This notebook has been executed using the docker image `colomoto/colomoto-docker:2024-01-01`

In [None]:
model = "Palma2021_nophe.sbml"

In [2]:
def getnodes(model):
    # Load and parse the SBML file
    tree = ET.parse(model)
    root = tree.getroot()
    
    # Define the namespace for SBML Level 3 Version 1 Core and Qual
    ns = {
        'sbml': 'http://www.sbml.org/sbml/level3/version1/core',
        'qual': 'http://www.sbml.org/sbml/level3/version1/qual/version1'
    }
    
    # Find all qualitativeSpecies in the model
    qual_species_list = root.findall('.//qual:qualitativeSpecies', ns)
    
    # Extract the IDs of the qualitativeSpecies
    qual_species_ids = []
    for species in qual_species_list:
        species_id = species.attrib.get('{http://www.sbml.org/sbml/level3/version1/qual/version1}id')
        if species_id:
            qual_species_ids.append(species_id)
    return qual_species_ids

['AKT1', 'CDKN2A', 'BCL2', 'CCND1', 'CEBPA', 'DNMT3A', 'MAPK1', 'ETV6', 'FBXW7', 'FLT3', 'GSK3B', 'HOXA9', 'MEIS1', 'MYC', 'NPM1', 'SOX4', 'STAT5A', 'TP53']
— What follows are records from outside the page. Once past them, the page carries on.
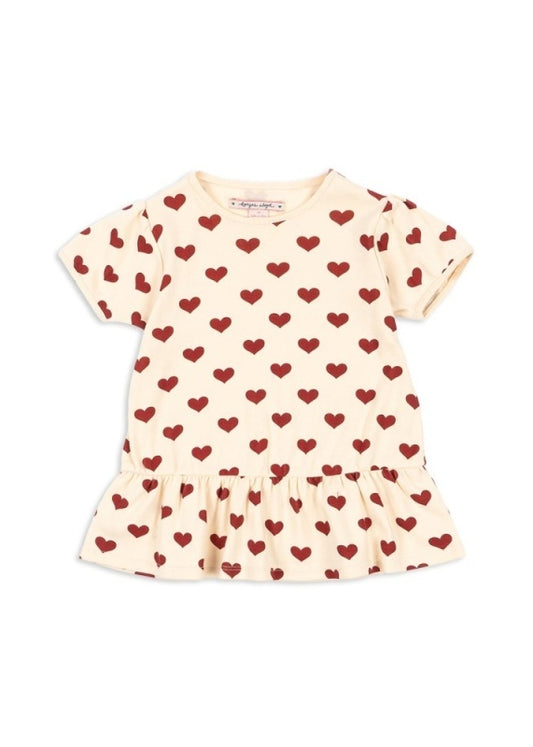 CLASSIC TEE GOTS AMOUR ROUGE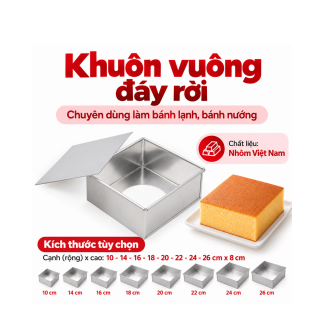 Khuôn vuông đáy rời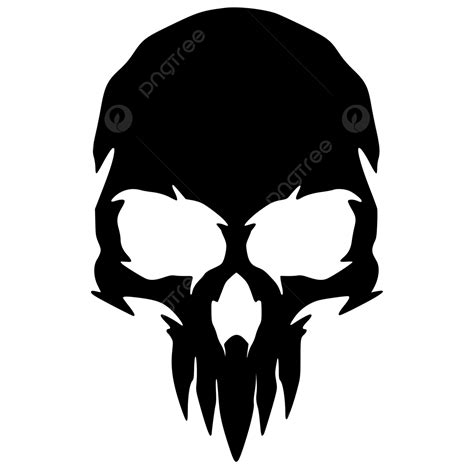 Skull Art Illustration Shading Vector Skull Head Skull Silhouette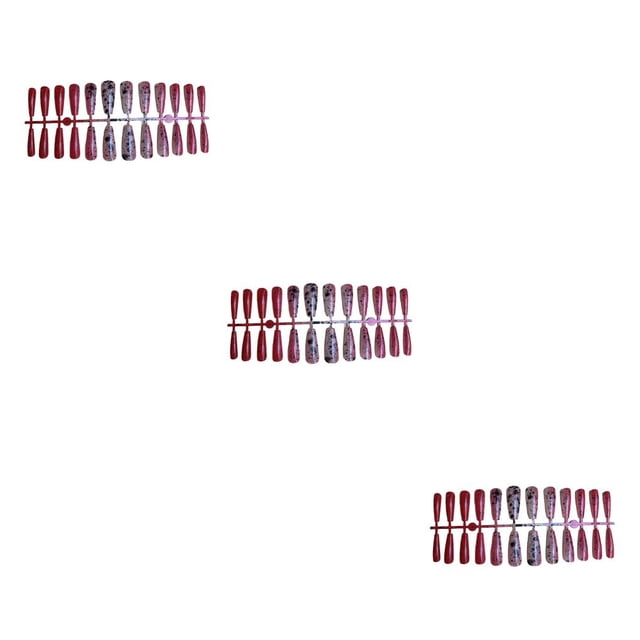 Soidarity 24 piezas de uñas artificiales en forma de T, extra largas, envoltura completa, puntas de uñas postizas, decoración para mujeres, niñas, Type1 NO1 Soidarity CBP456269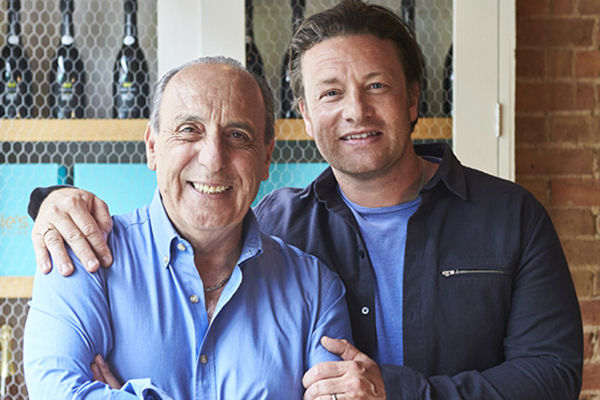 Gennaro Contaldo and Jamie Oliver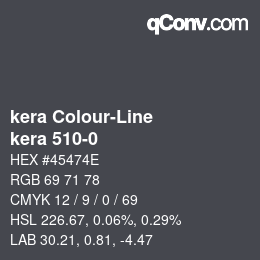 Code couleur: kera Colour-Line - kera 510-0 | qconv.com
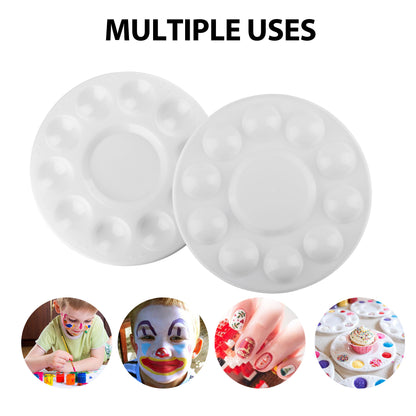 LotFancy 12 Plastic Painting Tray Palettes, Plastic Paint Pallets for Kids
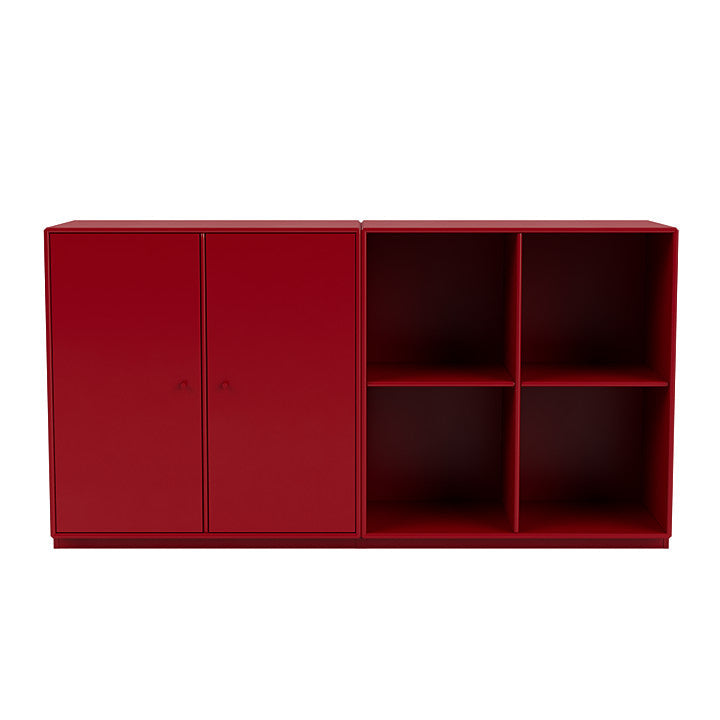 Montana Pair Classic Sideboard With 3 Cm Plinth, Beetroot Red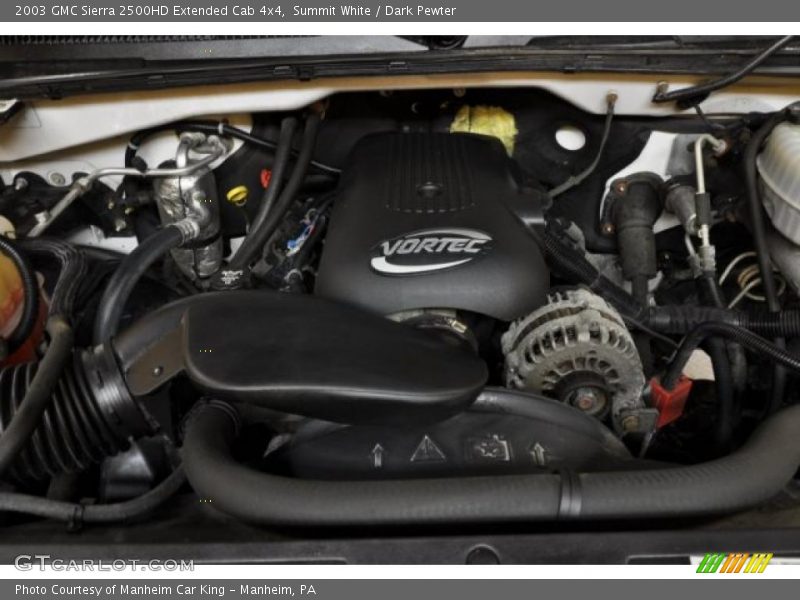  2003 Sierra 2500HD Extended Cab 4x4 Engine - 6.0 Liter OHV 16-Valve Vortec V8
>To compute the phenotypes’ activation status, we integrated with the OR logic (‘sum of scores’) the activation status of upstream nodes. As such, if two regulators of the same phenotype were linked in the same axis, we considered only the one at the end of the cascade.

In [3]:
def proxpath(qual_species_ids):
    # Load the ProxPath file
    file_path = 'Data/significant_paths_to_phenotypes.txt'
    df = pd.read_csv(file_path, sep='\t')
    
    # Define the target end nodes
    target_end_nodes = ['APOPTOSIS', 'DIFFERENTIATION', 'PROLIFERATION']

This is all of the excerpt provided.